Without turning around, he held the open box over the floor and dumped it upside down. Colorful O's tumbled around his feet. He stepped side-to-side, crunching them into a satisfying dust of sugar.
Her breathing grew loud and rushed behind him. “Oh my God.” Then louder. “Why?” She released an ear-splitting shriek. “I just mopped the floor!”
And he would clean it later. He wasn't a damned slob. Sure, he slacked on the laundry and didn't give a fuck which shelves the cups went on. But she wouldn't find moldy food or mouse droppings or hoarding stashes of crap falling out of the closets. He pivoted slowly to check on her.
Pressed into the gap of the open fridge door, arms wrapped around her rib cage, shoulders curled in, and eyes wildly darting over the floor, she definitely struggled to hold it together. He was about to make it worse.
He emptied the last of the box, tossed it on the mess, and strode toward her with an air of calm and focus. His unyielding grip on her elbow shuffled her sideways as he closed the fridge.
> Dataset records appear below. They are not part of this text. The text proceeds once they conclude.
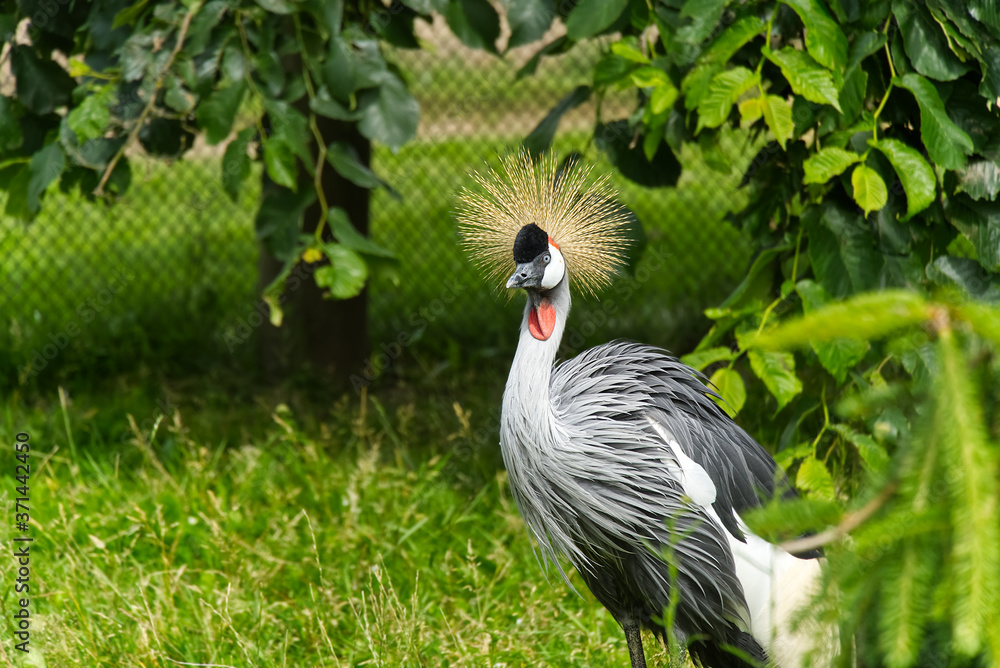 Fototapeta premium grey crowned crane or balearica regulorum gibericeps. African crowned crane - Uganda national bird. Golden crested crane - on green blured background.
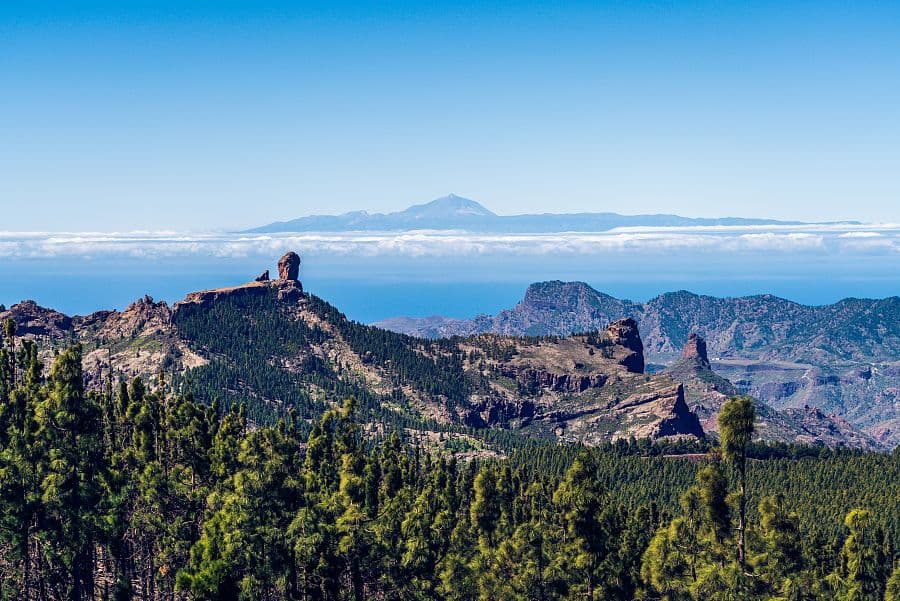 To nejlepší z ostrova Gran Canaria + DUNY V MASPALOMAS + MOŘE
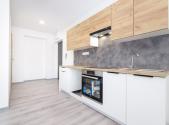 Pronájem bytu, 1+1, 45 m²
Then he backed her into the counter and put his face into hers. “You will not clean up after me.”
Her strong-willed chin appeared, jutting up and out, ready to fight. “I can't live like this. This” —she thrust a trembling finger at the floor— “is not okay.”
“That's right. So here's how it's going to be.” He clutched the counter on either side of her hips, arms straight, with two feet of tension rotating between them. “As long as you are obsessively clean, I'm going to be obsessively not clean. For every inch you give, I'll match it. We'll eventually meet in the middle.” He lowered his head so she could see his eyes. “Got me?”
She didn't look at him, her gaze locked-and-loaded on the floor as if waiting for the crumbs to sprout hundreds of tiny stingers and attack. He knew what was coming, tipped off by the slow deep inhale and the twitch below her eye, and he let it happen.
Her knees bent fast, her body dropping to the floor. Free from the corral of his arms, she scrambled to the mess, sweeping and scooping, her breaths rushing in her frenzy to shove tiny handfuls
into the box.
With an even pulse and loose muscles, he lowered to sit beside the huffing tornado. Cereal crumbled beneath his ass and legs as he leaned his back against the cabinet. She didn't seem to notice him, too consumed with black and white, linear numbers, and clean floors...her tragic need to perfect everything.